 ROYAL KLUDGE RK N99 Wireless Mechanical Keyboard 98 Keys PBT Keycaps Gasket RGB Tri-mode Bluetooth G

==

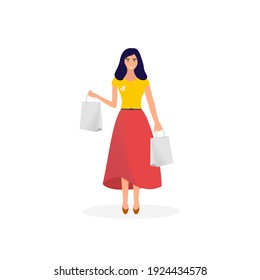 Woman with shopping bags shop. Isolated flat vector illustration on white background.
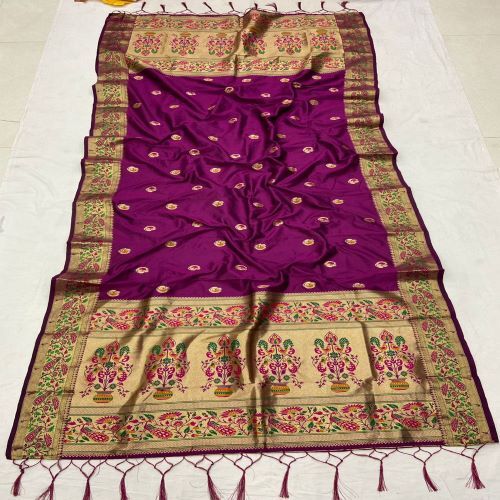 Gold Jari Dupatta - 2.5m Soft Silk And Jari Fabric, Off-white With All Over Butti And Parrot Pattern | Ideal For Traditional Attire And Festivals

---

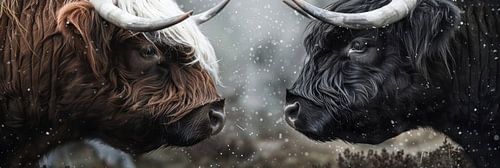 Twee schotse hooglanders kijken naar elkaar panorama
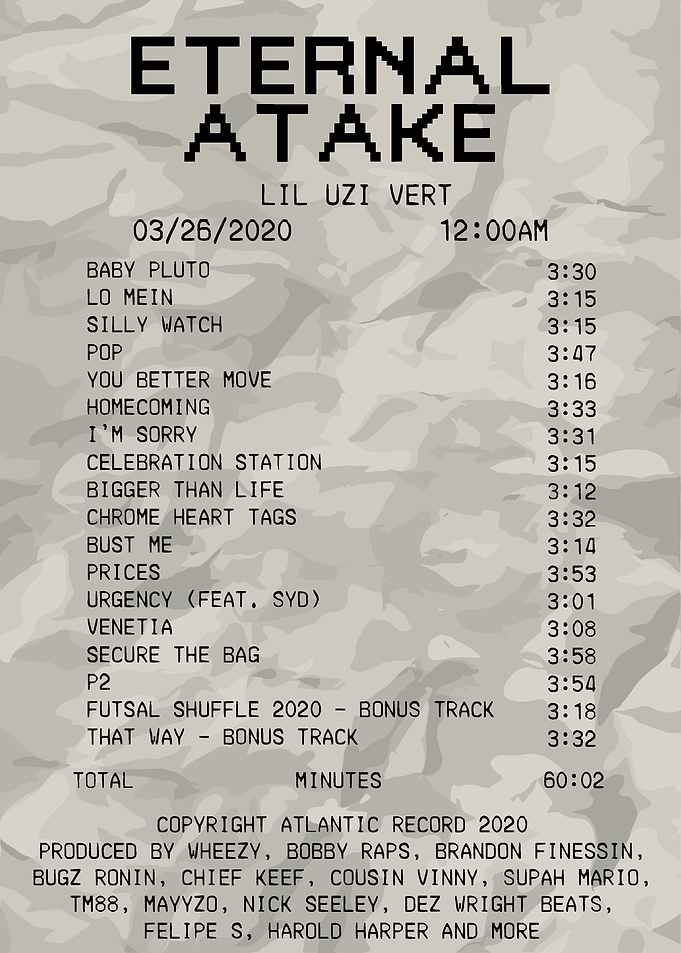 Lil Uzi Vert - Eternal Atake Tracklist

*What to do*: Working from the entries above, reproduce exactly and only the lines beginning with the line that has "Woman with shopping" and ending with the line that has "Gold Jari Dupatta"; omit all pictures.

*Answer space*:
 Woman with shopping bags shop. Isolated flat vector illustration on white background.
 Gold Jari Dupatta - 2.5m Soft Silk And Jari Fabric, Off-white With All Over Butti And Parrot Pattern | Ideal For Traditional Attire And Festivals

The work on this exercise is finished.